Ważne jest zachowanie zdrowej krytycznej oceny i poszukiwanie różnorodnych źródeł informacji, aby uzyskać pełniejszy obraz sytuacji.
( Np. Trener Raubo zaczął przyciągać większą uwagę mediów po tym, jak pojawił się na kanale
YouTube Owcy – Warszawski Koks. Szkoda, ze dostał większe uznanie dopiero po tej sytuacji )
Jednak każdy utalentowany zawodnik to wynik pracy konkretnego trenera i klubu czyli zarządu.
Trenerzy i kluby nie tylko inwestują dużo czasu i środków finansowych, ale również oddają się pasji, często równolegle zajmując się innymi obowiązkami.
Trenerzy często tracą swoich najlepszych zawodników na rzecz innych, którzy czerpią z tego korzyści i uznanie.
( Np. boks zawodowy, od pewnego czasu to się zmienia i przeżywamy
widoczny progres w grupie seniorów w boksie olimpijskim )

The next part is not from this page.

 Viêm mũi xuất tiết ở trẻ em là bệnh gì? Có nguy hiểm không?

Młodzi bokserzy, nie wszyscy, lecz wielu z nich zapomina, kto naprawdę przyczynił się do ich wczesnego rozwoju.
Taka sytuacja wymaga zmiany. Pomimo tego, że poświęcają swój czas na rozwój zawodników, często są krytykowani w mediach za brak sukcesów w boksie olimpijskim. Oczywiście, ostateczny sukces zależy od samego zawodnika i jego determinacji.

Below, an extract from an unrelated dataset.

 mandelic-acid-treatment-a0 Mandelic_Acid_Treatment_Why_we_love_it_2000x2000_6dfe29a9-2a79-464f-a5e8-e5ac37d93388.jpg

Jednak równie ważne jest, aby klub i trener zapewnili odpowiednie warunki oraz wsparcie motywacyjne, niezbędne do rozwoju zawodnika. Najlepsi trenerzy potrafią ocenić mocne i słabe strony boksera poprzez obserwację i opracować plan treningowy dostosowany do jego możliwości, niezależnie od poziomu wieku i zaawansowania, bez stawiania nierealnych celów.
A praca w boksie nie polega tylko na pracy z elitarną grupą wyselekcjonowanych zawodników.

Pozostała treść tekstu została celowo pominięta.